EU survey highlights lower prospects for career advancement for older workers

Eurofound, the European Foundation for Working and Living Conditions, has released its sixth release of the Working Conditions Survey, conducted since 1001 by interviewing almost 36.000 interviews with employees and self-employed. The survey finds that older workers often lack opportunities for training and advancing their careers.

Positive developments in the report include a reduction of exposure to risks related to posture in work, an increasing share of women in supervising positions (33%) and a majority of respondents expressing satisfaction with their working time (58%).

Older worker's challenges

Older workers report a high risk of being in painful or tiring positions (43%) and are the group which is the least learning new things on the job (33%) and takes the least part in training activities (38%, compared to 43% for 35-49 year-olds and 41% for under 35 year-olds). They also report poor prospects for advancing their career (71%). Older workers are most affected by restructuring or reorganisation.

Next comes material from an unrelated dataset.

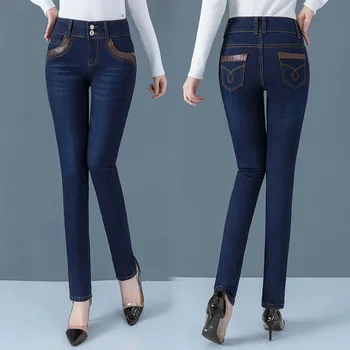 Vintage Straight Jeans til Kvinder Moderigtigt med Høj Talje Jeans Denim Bukser Kvinde Plus Size Strække Mødre Jeans Patchwork Jeans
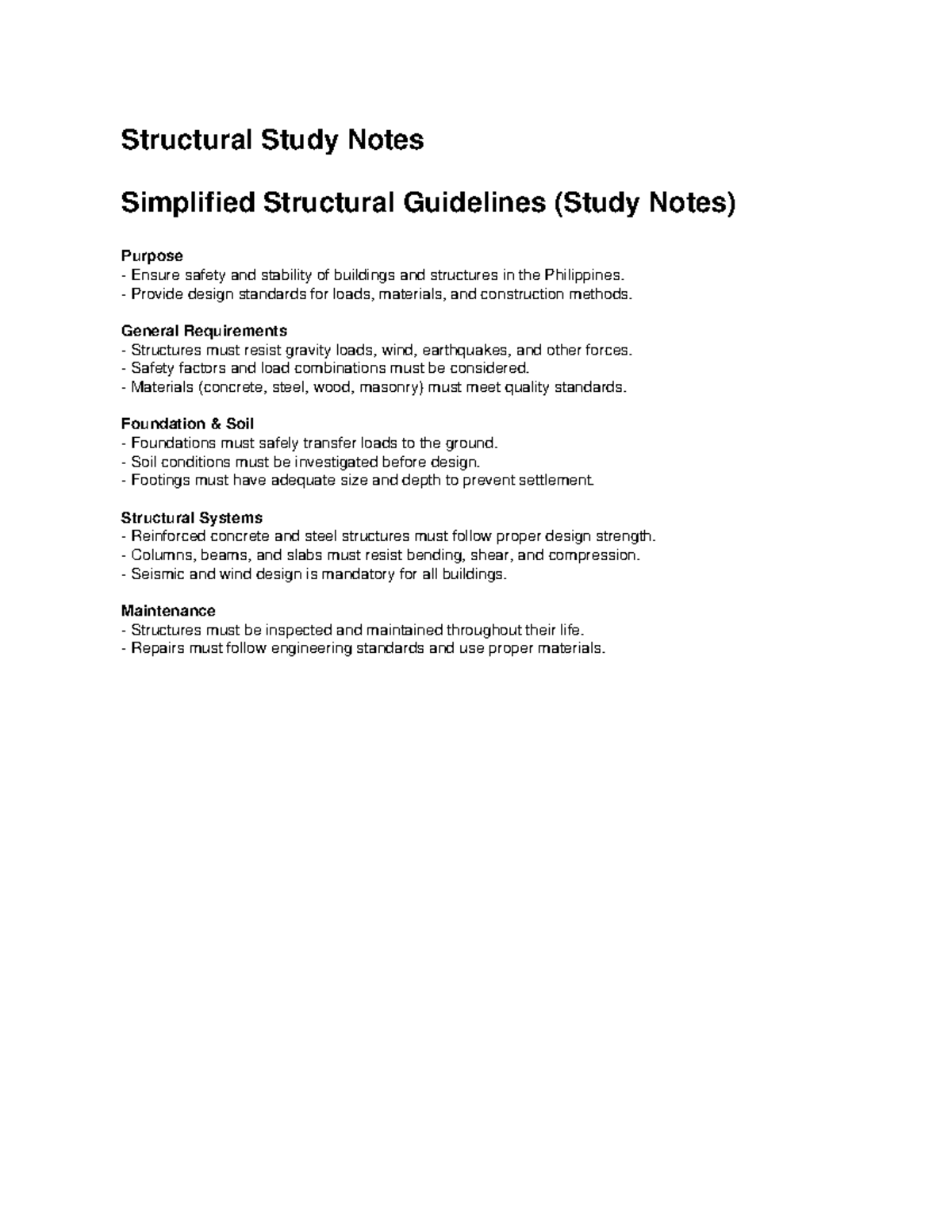 Structural Study Notes: Simplified Guidelines for Safety & Stability ...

Gender differences and challenges to work-life balance

However, gender differences remain, as men work more frequently longer hours, report more paid working hours and are better informed about health and safety risks at their job. Women spend more time on work if paid work across several jobs, commuting time and unpaid work is combined. Care responsibilities and unpaid domestic work are unevenly shared by women and men, with women undertaking a bigger share of unpaid work. More than half of workers work at least one Saturday per month and only one in five employees is able to adapt the starting and finishing times of their work within designated margins. 45% of workers say that they have worked in their free time in order to meed demands and 21% feel too tired to do some of the necessary household jobs.

Changing nature of work, increasing numbers of reported discrimination

Work is becoming more concentrated, with more work to tight deadlines and has become faster. This can pose a challenge especially to older workers. 17% of women and 15% of men report having been exposed to adverse social behaviour, and 7%, an increasing number, report to have experienced discrimination.